DOES SYMANTEC ENDPOINTPROTECTION SMLL BUSINESS EDITION detect the below?
Received 2 emails:
From:\ FedEx Service\ [mailto:exact.delivery@fedex.com]
Sent: Wednesday, February 01, 2012 3:38 AM
To:
Subject: Delivery Error No4868
FedEx notice,
Your package has been returned to the FedEx office.
The reason of the return is - Error in the delivery address.
Please print out the invoice copy attached and collect the package at our office.
FedEx Global.
AND
From:\ FedEx\ [mailto:your.support@fedex.com]
Sent: Wednesday, February 01, 2012 3:38 AM
To:
Subject: You need to get a parcel number %%N:3%%
Post notification,
Your package has been returned to the FedEx office.

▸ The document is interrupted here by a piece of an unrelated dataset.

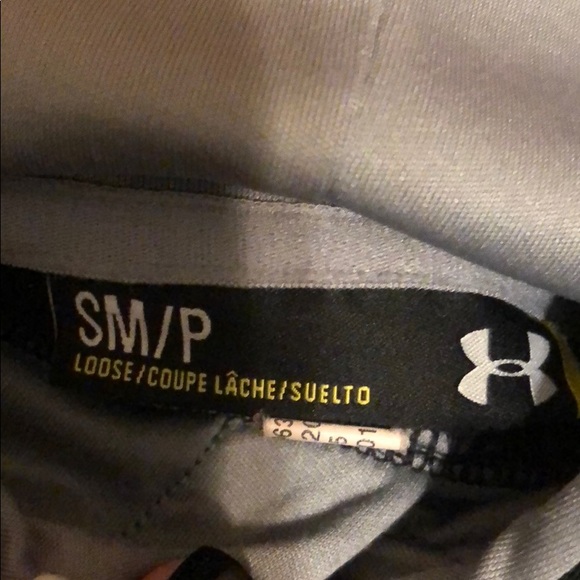 Under armour hoodie - Picture 3 of 4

The reason of the return is - Incorrect delivery address of the package.
Please print out the invoice copy attached and collect the package at our office.
FedEx Express Services.
Found the following on line:
MX Lab, http://www.mxlab.eu, started to intercept a new trojan distribution campaign by email with the subject “FedEx, Shipment Notification”.

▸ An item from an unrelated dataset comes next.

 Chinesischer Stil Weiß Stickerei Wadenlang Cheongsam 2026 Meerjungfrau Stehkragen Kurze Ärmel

The email is send from the spoofed address “FedEx <no-reply@fedex.com>” and has the following body:
The attached ZIP file has the name FedEx-Shipment-Notification_GX3553U8-Jan2012.zip and contains the 200 kB large file FedEx-Shipment-Notification.exe.
The trojan is known as W32/Trojan3.DEC (F-Prot), Trojan-Spy:W32/Zbot.AVRN (F-Secure), Trojan-Dropper.Win32.Injector.clrk (Kaspersky), Trojan.Zbot (Sophos).
At the time of writing, only 11 of the 43 AV engines did detect the trojan at Virus Total.
Virus Total permalink and SHA256: 28aba7221fe47882164fa45d9d63c58110b96b94d9b2291b692afaa7406c2e46.